Full video generation at Hao — topic to published mp4. Dialogue, TTS, images, FFmpeg compose, S3 upload, composed as a two-stage JSON API, parallelized across every I/O-bound call, deduplicated end-to-end.
Hao builds AI-autonomous orchestrators. One of them needed a pipeline that turns a topic into a finished vertical video — scripted dialogue, voiced lines, generated images, composed with sprites and karaoke subtitles, uploaded to storage. Every generated unit costs real money — LLM calls, TTS, images, storage — so latency and cost are not polish, they're the business.
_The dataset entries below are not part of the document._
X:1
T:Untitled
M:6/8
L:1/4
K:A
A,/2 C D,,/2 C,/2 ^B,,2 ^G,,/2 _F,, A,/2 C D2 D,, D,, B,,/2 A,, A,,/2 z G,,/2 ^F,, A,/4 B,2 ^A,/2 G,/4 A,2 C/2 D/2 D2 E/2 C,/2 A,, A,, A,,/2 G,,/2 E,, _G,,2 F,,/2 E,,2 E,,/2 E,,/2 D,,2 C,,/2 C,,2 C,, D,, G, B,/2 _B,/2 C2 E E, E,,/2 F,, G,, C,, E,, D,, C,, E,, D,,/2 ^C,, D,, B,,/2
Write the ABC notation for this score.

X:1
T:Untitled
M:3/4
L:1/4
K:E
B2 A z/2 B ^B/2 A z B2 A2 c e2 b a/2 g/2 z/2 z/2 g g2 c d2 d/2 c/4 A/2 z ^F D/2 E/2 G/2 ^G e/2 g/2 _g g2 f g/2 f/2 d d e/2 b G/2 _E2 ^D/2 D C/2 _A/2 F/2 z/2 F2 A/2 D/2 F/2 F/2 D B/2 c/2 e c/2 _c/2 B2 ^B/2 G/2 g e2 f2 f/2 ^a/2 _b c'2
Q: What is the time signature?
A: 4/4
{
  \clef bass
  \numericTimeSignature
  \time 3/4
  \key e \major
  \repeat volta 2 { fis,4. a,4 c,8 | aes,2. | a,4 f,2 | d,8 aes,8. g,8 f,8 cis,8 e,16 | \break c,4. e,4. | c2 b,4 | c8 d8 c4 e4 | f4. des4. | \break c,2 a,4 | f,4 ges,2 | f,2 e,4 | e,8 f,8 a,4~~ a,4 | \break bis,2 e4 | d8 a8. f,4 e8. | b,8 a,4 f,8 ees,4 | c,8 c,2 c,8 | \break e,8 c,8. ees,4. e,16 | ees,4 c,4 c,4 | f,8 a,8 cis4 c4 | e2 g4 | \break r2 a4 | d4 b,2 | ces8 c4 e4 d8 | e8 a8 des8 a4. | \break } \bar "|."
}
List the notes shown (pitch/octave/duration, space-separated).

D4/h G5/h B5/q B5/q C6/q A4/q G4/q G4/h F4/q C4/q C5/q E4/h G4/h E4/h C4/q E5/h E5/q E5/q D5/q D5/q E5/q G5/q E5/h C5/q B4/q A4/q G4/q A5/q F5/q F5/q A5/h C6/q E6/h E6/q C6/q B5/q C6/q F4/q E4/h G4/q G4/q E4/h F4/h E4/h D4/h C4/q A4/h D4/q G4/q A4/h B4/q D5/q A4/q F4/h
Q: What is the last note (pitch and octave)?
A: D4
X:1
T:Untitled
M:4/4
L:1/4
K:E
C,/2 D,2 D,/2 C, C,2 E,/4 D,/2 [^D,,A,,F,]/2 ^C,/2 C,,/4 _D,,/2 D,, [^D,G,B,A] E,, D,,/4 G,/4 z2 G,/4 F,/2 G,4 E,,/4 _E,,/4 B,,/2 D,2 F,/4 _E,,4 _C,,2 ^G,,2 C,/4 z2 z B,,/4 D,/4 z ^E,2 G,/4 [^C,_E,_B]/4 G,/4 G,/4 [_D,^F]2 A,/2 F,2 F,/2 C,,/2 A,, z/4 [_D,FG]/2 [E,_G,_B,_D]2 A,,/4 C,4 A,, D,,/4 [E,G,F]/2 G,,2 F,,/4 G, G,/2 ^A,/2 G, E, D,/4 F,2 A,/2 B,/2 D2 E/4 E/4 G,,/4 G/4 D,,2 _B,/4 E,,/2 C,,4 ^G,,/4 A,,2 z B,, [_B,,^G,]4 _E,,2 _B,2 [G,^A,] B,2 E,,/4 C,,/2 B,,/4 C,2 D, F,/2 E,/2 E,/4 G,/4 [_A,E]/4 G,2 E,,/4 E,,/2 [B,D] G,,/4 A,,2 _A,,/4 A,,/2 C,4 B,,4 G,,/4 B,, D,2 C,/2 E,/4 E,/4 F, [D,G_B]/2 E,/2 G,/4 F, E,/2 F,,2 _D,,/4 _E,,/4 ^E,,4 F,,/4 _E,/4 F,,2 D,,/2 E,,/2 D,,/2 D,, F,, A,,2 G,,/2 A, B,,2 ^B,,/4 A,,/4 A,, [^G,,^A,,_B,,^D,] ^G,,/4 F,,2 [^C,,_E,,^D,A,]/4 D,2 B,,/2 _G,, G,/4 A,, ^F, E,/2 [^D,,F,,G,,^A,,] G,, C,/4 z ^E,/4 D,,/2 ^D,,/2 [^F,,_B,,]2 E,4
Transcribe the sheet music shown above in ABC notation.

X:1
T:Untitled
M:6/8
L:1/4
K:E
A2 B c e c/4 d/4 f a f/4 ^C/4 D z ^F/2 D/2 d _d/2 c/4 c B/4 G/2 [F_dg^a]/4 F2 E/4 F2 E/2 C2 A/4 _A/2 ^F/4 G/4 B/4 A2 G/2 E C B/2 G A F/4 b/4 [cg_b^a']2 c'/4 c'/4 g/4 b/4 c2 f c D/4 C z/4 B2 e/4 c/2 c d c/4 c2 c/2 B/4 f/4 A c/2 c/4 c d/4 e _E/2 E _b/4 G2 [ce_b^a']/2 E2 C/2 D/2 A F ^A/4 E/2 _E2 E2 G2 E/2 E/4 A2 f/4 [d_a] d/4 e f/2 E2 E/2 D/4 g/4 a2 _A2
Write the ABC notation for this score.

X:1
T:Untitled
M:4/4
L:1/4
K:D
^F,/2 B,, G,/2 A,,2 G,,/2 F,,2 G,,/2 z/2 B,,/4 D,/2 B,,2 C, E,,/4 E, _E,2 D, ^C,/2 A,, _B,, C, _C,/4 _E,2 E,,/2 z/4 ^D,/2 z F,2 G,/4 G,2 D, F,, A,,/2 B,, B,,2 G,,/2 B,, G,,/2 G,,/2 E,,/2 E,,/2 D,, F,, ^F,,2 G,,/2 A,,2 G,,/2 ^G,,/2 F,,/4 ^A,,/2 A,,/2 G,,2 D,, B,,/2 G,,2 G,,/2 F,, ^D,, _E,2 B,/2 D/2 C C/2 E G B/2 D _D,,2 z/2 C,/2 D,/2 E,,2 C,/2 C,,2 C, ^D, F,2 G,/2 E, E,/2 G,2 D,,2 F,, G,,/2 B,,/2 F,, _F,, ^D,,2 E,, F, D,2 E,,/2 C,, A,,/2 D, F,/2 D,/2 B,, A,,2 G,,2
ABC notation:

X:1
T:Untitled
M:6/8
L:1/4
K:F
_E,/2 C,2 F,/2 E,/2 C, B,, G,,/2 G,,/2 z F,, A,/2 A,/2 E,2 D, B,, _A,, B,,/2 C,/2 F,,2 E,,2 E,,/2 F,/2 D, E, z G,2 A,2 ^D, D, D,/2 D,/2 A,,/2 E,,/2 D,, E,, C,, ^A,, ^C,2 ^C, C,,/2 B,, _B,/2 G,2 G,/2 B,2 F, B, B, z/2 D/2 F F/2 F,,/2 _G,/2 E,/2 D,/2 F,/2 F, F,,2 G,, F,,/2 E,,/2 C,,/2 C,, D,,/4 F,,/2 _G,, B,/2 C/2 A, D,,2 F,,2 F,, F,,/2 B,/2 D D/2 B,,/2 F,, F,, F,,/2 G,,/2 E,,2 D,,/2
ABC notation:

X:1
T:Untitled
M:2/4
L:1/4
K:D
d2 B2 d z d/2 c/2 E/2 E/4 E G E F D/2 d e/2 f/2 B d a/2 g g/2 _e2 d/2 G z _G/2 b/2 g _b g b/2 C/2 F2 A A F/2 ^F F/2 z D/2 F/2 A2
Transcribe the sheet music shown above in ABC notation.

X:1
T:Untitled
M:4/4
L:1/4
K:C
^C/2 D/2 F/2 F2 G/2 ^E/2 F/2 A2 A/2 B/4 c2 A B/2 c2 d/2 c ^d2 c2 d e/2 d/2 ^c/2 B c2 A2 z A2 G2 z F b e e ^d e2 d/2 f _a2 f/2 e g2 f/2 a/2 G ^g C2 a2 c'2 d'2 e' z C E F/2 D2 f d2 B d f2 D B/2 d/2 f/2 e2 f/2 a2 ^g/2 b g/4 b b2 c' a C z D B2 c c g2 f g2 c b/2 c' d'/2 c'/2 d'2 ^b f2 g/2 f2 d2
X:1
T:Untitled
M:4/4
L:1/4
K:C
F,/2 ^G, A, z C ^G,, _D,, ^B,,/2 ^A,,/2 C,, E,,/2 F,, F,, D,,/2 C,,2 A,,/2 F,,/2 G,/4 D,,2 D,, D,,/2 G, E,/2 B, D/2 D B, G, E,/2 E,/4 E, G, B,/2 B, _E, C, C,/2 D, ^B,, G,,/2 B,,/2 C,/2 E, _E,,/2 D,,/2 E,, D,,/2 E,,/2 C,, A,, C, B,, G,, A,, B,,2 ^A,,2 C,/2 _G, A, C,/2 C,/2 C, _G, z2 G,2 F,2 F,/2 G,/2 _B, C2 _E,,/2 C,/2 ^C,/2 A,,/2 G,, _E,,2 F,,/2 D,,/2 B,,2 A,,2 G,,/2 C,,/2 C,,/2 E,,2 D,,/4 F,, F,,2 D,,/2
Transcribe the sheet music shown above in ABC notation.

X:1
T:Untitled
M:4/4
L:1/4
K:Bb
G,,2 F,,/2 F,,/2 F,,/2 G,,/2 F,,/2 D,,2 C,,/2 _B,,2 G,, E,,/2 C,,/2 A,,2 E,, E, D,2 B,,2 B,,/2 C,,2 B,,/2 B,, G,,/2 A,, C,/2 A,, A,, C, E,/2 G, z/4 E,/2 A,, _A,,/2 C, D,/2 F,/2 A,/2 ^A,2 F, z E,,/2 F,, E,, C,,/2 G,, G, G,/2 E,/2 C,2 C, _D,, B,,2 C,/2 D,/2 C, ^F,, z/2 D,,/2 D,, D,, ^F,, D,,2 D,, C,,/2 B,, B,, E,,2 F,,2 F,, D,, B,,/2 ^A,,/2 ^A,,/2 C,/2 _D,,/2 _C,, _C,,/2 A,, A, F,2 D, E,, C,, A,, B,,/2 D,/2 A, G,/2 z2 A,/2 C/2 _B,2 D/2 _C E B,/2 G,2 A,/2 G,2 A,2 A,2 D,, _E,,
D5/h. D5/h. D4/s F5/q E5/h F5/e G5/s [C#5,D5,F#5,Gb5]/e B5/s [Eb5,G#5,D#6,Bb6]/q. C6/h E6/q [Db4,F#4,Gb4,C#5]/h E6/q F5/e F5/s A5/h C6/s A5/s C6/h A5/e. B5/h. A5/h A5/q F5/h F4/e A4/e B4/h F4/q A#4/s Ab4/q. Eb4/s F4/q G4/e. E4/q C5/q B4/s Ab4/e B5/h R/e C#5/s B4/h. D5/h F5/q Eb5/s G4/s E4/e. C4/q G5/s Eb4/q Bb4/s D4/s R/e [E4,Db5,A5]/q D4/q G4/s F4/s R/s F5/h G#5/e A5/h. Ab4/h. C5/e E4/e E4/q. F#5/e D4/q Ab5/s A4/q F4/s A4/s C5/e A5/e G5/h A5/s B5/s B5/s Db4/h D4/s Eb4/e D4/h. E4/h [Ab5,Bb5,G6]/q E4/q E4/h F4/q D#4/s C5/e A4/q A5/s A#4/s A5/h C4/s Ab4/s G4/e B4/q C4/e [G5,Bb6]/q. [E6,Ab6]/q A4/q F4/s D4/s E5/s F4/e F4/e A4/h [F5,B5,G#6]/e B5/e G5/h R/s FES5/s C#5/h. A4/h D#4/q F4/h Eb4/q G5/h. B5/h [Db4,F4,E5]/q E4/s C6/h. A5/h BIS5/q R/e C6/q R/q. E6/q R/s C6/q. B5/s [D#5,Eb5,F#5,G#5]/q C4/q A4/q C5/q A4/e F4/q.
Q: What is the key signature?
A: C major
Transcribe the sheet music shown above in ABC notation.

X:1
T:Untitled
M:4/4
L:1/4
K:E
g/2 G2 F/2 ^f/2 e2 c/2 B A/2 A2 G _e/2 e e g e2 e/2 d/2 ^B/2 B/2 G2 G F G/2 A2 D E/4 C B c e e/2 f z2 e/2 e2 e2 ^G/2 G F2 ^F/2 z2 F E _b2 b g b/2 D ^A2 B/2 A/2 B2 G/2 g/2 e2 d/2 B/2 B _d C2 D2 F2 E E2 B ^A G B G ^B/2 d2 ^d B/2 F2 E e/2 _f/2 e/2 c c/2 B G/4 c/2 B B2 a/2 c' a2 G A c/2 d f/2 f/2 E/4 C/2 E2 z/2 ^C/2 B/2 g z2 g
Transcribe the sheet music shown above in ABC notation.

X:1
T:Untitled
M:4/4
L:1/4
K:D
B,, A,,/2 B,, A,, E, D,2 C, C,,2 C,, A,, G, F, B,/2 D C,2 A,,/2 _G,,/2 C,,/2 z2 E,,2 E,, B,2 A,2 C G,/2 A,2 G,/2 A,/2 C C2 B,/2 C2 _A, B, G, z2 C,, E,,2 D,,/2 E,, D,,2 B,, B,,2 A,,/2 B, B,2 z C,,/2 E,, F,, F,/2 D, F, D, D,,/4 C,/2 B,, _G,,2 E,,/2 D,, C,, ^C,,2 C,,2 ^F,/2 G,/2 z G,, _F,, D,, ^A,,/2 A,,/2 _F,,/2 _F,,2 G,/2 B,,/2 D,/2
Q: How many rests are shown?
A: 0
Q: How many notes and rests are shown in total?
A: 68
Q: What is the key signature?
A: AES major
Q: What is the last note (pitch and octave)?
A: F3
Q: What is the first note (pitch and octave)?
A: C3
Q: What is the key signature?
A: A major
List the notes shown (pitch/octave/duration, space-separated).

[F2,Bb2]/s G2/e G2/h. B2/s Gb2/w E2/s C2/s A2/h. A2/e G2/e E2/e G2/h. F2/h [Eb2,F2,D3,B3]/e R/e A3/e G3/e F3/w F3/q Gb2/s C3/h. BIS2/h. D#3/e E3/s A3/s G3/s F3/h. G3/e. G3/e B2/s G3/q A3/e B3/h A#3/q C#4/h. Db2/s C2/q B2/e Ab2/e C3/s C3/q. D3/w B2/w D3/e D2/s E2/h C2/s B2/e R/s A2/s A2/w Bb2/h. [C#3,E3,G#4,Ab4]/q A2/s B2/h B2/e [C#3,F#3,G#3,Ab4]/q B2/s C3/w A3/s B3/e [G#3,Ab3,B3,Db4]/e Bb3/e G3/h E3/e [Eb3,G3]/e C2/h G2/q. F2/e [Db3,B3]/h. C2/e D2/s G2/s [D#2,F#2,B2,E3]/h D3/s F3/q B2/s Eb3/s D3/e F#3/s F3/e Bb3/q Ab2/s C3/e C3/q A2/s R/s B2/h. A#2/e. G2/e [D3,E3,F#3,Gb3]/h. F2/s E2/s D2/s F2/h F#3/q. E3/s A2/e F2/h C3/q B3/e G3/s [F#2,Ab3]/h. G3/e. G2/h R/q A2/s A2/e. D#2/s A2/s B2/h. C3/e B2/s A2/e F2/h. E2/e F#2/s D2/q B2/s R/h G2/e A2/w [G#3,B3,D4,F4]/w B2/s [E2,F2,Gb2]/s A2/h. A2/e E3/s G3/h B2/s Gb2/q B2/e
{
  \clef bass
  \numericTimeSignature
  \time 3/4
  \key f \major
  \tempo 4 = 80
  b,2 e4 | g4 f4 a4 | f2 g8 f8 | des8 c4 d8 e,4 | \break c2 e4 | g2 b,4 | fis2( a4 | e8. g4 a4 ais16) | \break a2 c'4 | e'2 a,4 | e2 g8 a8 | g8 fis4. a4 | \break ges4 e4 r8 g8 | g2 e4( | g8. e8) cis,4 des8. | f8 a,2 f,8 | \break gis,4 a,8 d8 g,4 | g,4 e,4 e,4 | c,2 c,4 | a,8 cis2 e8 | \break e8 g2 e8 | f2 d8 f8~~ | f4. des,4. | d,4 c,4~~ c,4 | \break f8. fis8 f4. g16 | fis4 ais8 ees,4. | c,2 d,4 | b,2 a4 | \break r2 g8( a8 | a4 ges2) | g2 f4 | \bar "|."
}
When I joined the project in June 2025, the pipeline was linear — a single-path orchestrator, no batch mode, no cost instrumentation, operator-driven between stages. Each generation took minutes and cost roughly $2. That's the starting line.
I redesigned the pipeline as a two-stage CLI API that talks to itself via JSON on stdin/stdout. Stage one generates the dialogue through a provider-agnostic LLM call, reading per-character profiles with voices, sprites and catchphrases. Stage two consumes that JSON and runs TTS and image generation in parallel, composes the final video with FFmpeg, uploads to S3. Two commands, one pipe, full automation.
Broke the sequential flow into independent units and ran LLM + TTS + image generation concurrently. Framed the bottleneck as I/O-bound network waits, not CPU, and moved everything to async tasks with tenacity-backed retries.
Scripts repeatedly asked for near-identical completions. Added a caller-level dedup layer keyed on prompt + model + params, so identical requests share a single response — same for image prompts with stable seeds.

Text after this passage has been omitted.